Skinned up through dreadfully sticky snow this morning up to No Name peak. It was in the mid 40Fs and it felt really warm. As I got to the toe of the North ridge of No Name peak, cloud cover and cooling breeze helped reduce the slog factor.
Overall in the area there is a thin and very spatially variable snowpack, the snowpack within some beautiful old growth trees around 9000ft was completely loose and faceted. I could punch my pole easily through the 50-70cm deep snow. Surface conditions were relatively soft in the sheltered northerly terrain and there was anywhere from 15-25cm of snow from the 1/17 storm.
Hiking up the ridge around 100pm there was a 30-40mph SW wind with heavy cloud rolling over the Sherwin ridge and Parachute to the West. Mammoth Mountain looked to be in a cloud all day and to the north it got progressively darker and more socked in as the day went on.

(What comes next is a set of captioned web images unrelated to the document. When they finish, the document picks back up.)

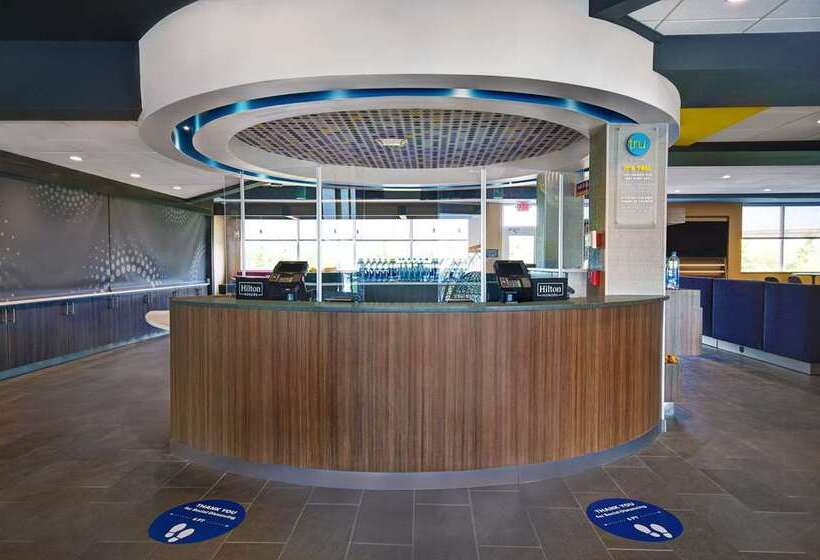 בית מלון כפרי Tru By Hilton Monroe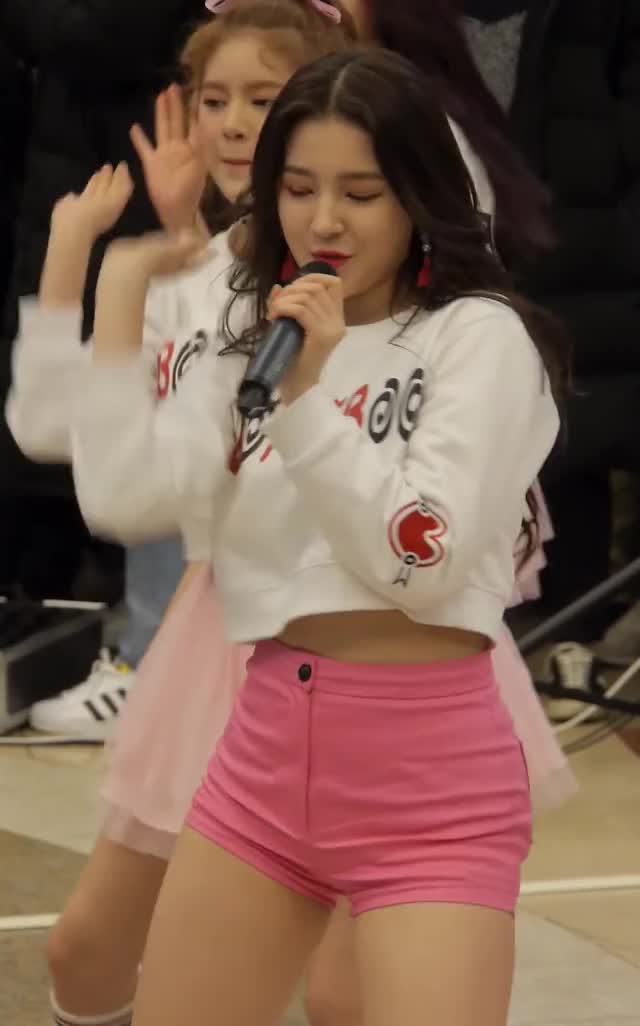 Momoland - Nancy 180203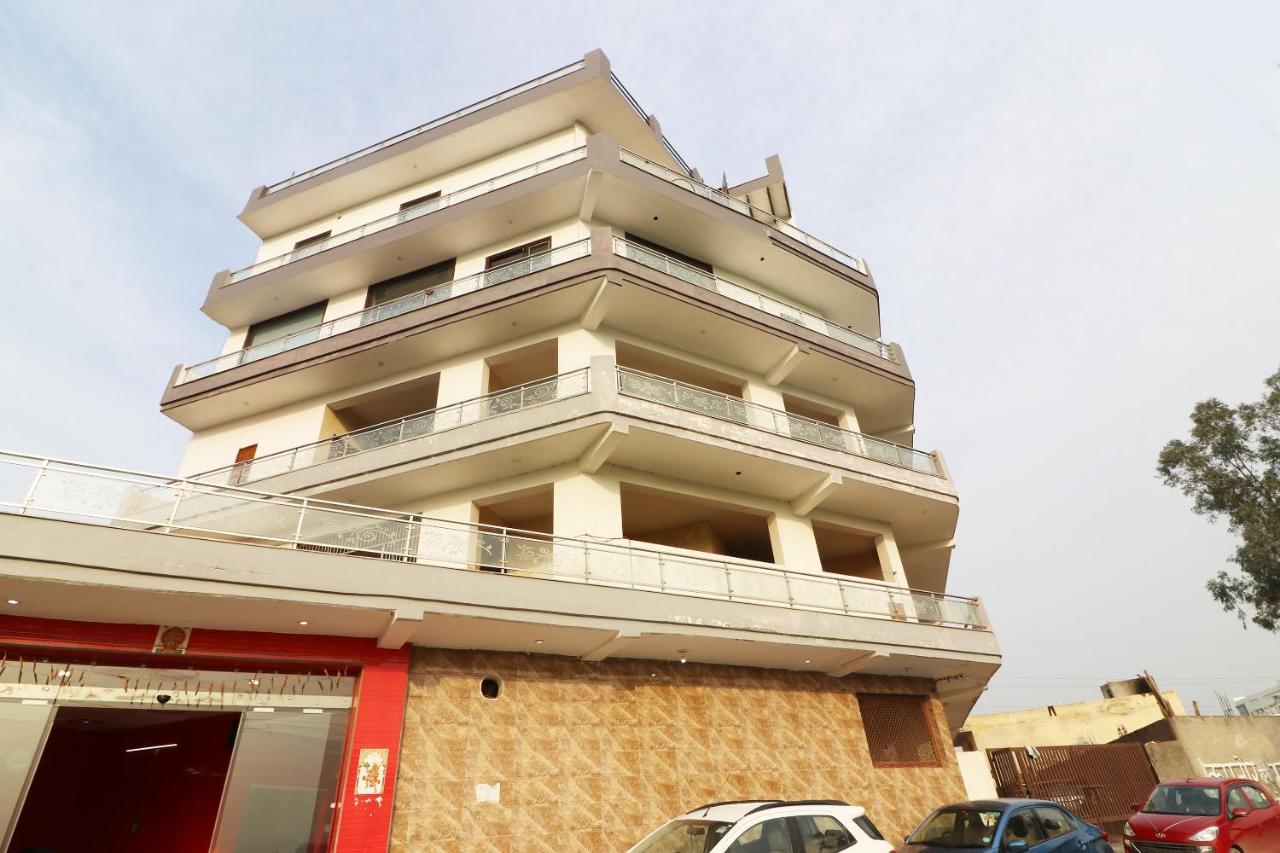 Oyo Hotel Inn Way Sonipat Exteriör bild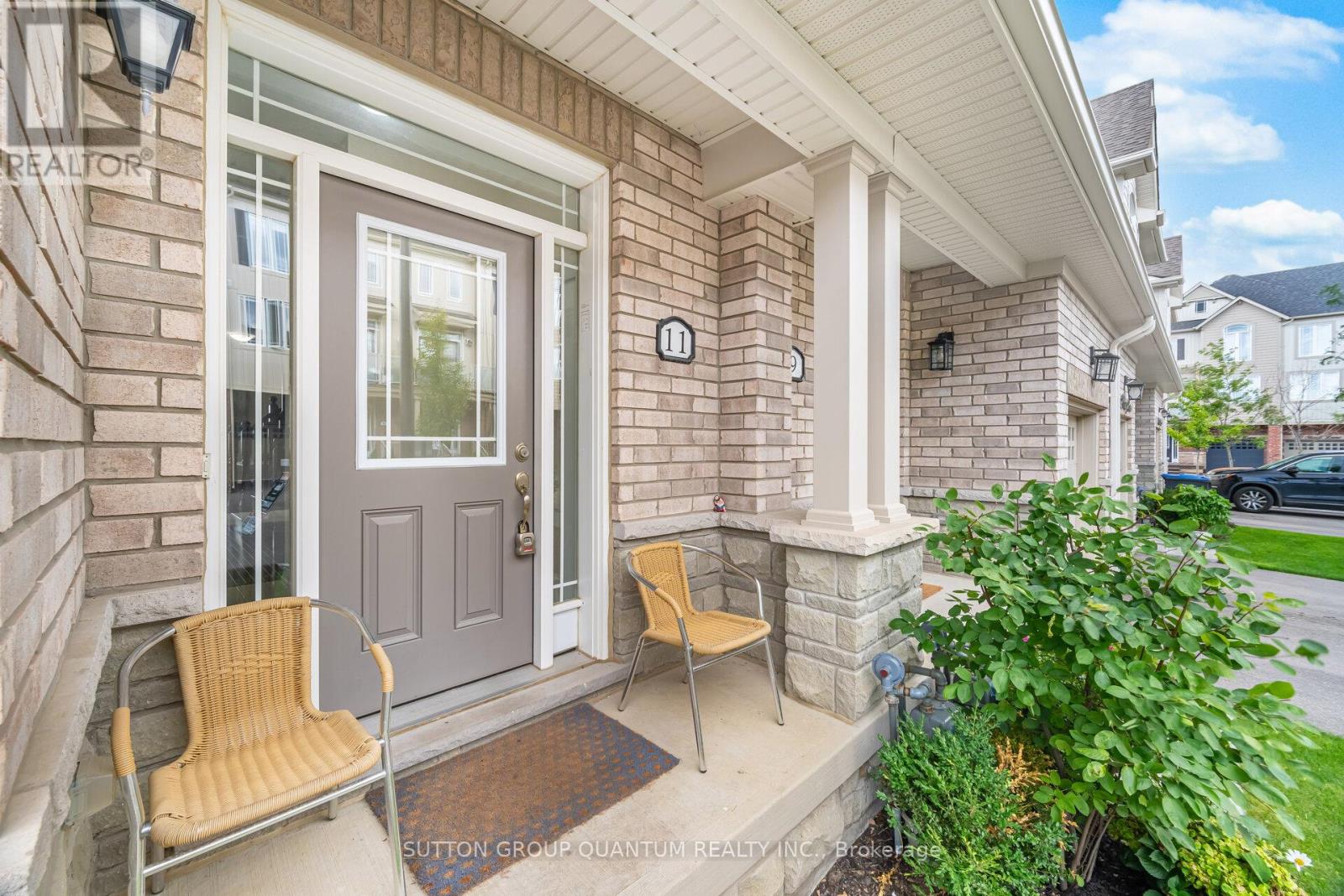 Photo 3 of 11 Cosbury Lane, Caledon ON
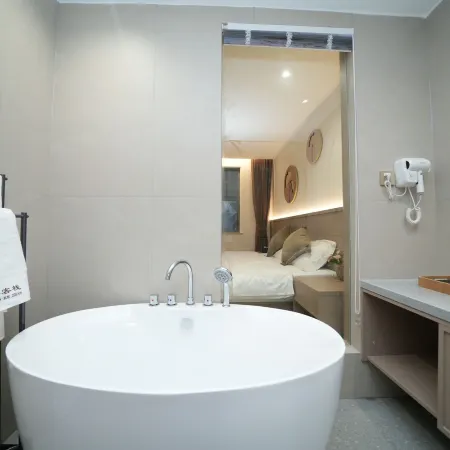 Bama Fengyuqiao Homestay (Impression Bama Mujishan Park)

Dug a snowpit on the leeward side of the mountain on a NE aspect at 9800ft on a 36deg slope. I purposely dug in a wind loaded area to see how the new snow was bonding to old snow surfaces and found... (see attached snow profile)
HN: 25cm (*windloaded)
It was 44F at 1100am @ 7875ft
Compression tests failed (CT16 Q2, CT20 Q2 with moderate/hard results at the melt/freeze crust 25cm below the surface. Performed 3 Extended Column tests with none of them showing propogating. I could pull off the block with a moderate tug. 2 of the blocks pulled off on top of the crust and one pulled off on the looser faceted snow beneath the crust.
There was some collapsing of snow in the lower elevations today on very thin snow coverage ~35cm, other than that did observe any other signs of instability. Kick turn test=negative, ski cuts did not reveal any instability. There was some old debris piled up on trees in the path I skiied, looked as if it had slid during the last storm event this past thursday.